Since Amazon promised to follow up on my experience but never did, I figured this would be a perfect time to share it. This is a story of my Amazon recruitment experience. I wish I could say it was a pleasant one but sadly it neither had a happy ending nor a smooth journey. This is a retelling of the two tedious months that Amazon put me through only to tell me that I can't code, which I now find funny, but at the time it was rather insulting and humiliating considering that programming is a big part of my job and, at least in my opinion, I'm not all that bad at it.

Update: Thanks for everyone reading this, I really didn't expect such a huge interest in my story. Based on some comments I read it seems to me that the light-hearted humour nature of this post was missed by some. This post fits into my weekend/fun post, so parts are a little dramatic, but that's the fun in writing this. Enjoy reading the rest of the article!

Background

I work in the integration/services space and have to write a large amount of custom code (Java, SQL, Bash, etc) to make products work together. It's not 'pure' engineering because it involves a good deal of customer interaction, requirements analysis, design work, expectation management, putting out fires and some people management. So typically whenever I'd receive a recruitment email from Amazon, it would go straight to trash because the jobs didn't really line up with what I wanted to do...until one day I had a crazy idea about going back into engineering. I had a colleague whom I worked with previously who worked at Amazon locally, so I went out for some drinks with the team to meet them, see what it was like and to decide whether I wanted to apply. It could have been a drunken decision but I went ahead with the application.

Initial response

I sent in my resume and received a response from the recruiter the next day.

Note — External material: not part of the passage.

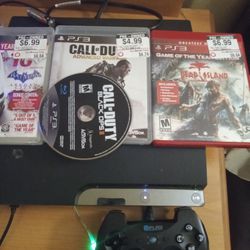 PS3 With 1 Controller And 4 Games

They wanted to start the interviewing/recruitment process immediately. Naturally I was excited to get started so missed some of the obvious red flags here. The recruiter was in a different country (in fact a different continent) to me. From their responses, they either didn't know how to convert for time zones or really didn't care (outside of US didn't seem to exist for this recruiter). After several attempts of incompatible meeting time suggestions, two weeks later we were finally able to schedule an introduction call. I was surprised how little regard the recruiter had for the 17 hour difference in time zones and the fact that I have a full time job.

I was still looking forward to the call though!